It is common to hear foreigners who live in different regions of the Arab world say “how to learn Arabic speaking?” for different reasons and objectives:
- To facilitate life obligations, as they will eventually meet people who do not speak English.
- Have small talks with colleagues.
- Build personal relationships.
- Learn more about the culture through engaging with natives.
And the list goes on. So, is it possible to learn how to speak Arabic fluently, especially if you have no interest in other skills such as reading and writing? Yes!
First, what is Conversational Fluency?
It is the ability to hold conversations in any given topic in a specific language, with very minor to no grammatical mistakes or misuse of vocabulary and phrases within a context. You might be interested in simply being “Conversational” which indicates the ability to communicate but at a lower level than being fluent or reaching native-level fluency in Arabic. So, how can you achieve that?

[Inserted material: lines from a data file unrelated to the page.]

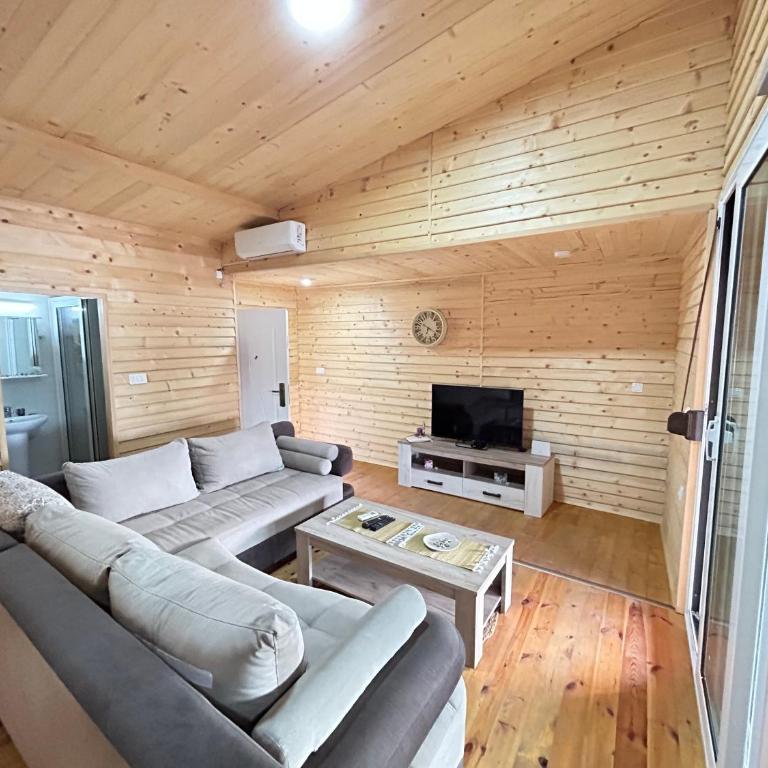 Speakeasy Lux 3 - 4 - Two-Bedroom House - 1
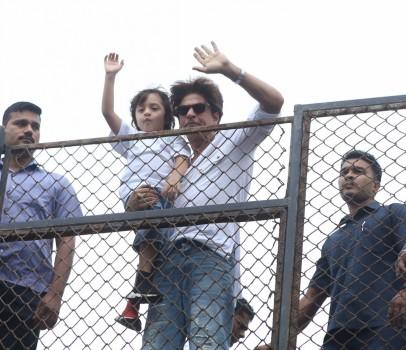 Double celebration for Shah Rukh Khan fans on November 2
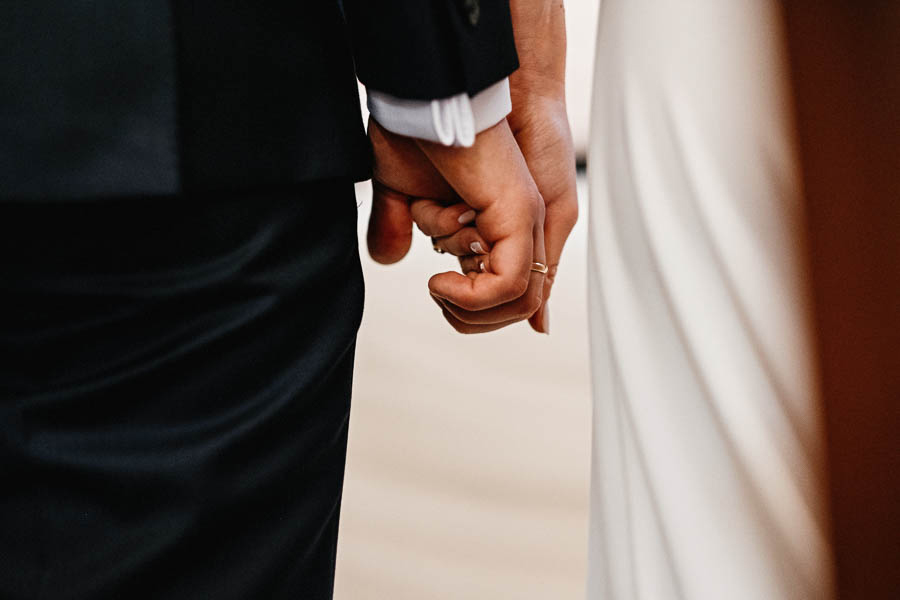 romantyczne wesele pod namiotem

One-on-one personal Arabic coach/tutor:
I believe that general Arabic teaching courses with multiple students involved might be tricky. It can be useful so you will get the chance to speak with your classmates, however, with +20 students, you might not get the focus you need to reach the proficiency you desire. You will avoid the frustration of not getting the chance to express yourself in class or the limited time you get to participate. Your preferably native-Arabic tutor can help you stay motivated, break the fear of initiating, and gain more confidence through very focused feedback.
Arabic focused content:
Some people find it hard to learn speaking a language because of the amount of pressure they feel to see the results. Instead of focusing on “learning” Arabic, you can start learning how to speak Arabic through your interests and hobbies: For example, if you enjoy biking or hiking, you can push yourself to do these activities with Arabic native-speakers, or use social media to reach out to people who share that interest with you. In that case, the subjects of communication can revolve around these interests you share, you will learn not only vocabulary but also idioms and how they are used within the context while still be interested in what’s being said. Don’t shy from asking questions and expressing your desire to learn how to speak Arabic!
Practice speaking Arabic as much as you can!
Try to set a specific amount of conversations you aim to hit regularly. We are creatures of habits, the more you speak Arabic, the easier it gets. You might lack the confidence, I understand, you can start by listening to Arabic audios and imitating and shadowing everything the speaker is saying. Get more used to decoding the words and absorbing Arabic consonants and vowels, how are they pronounced, how words are used in context. The more you shadow, your brain will start programming itself into moving to the next step: having real-life conversations!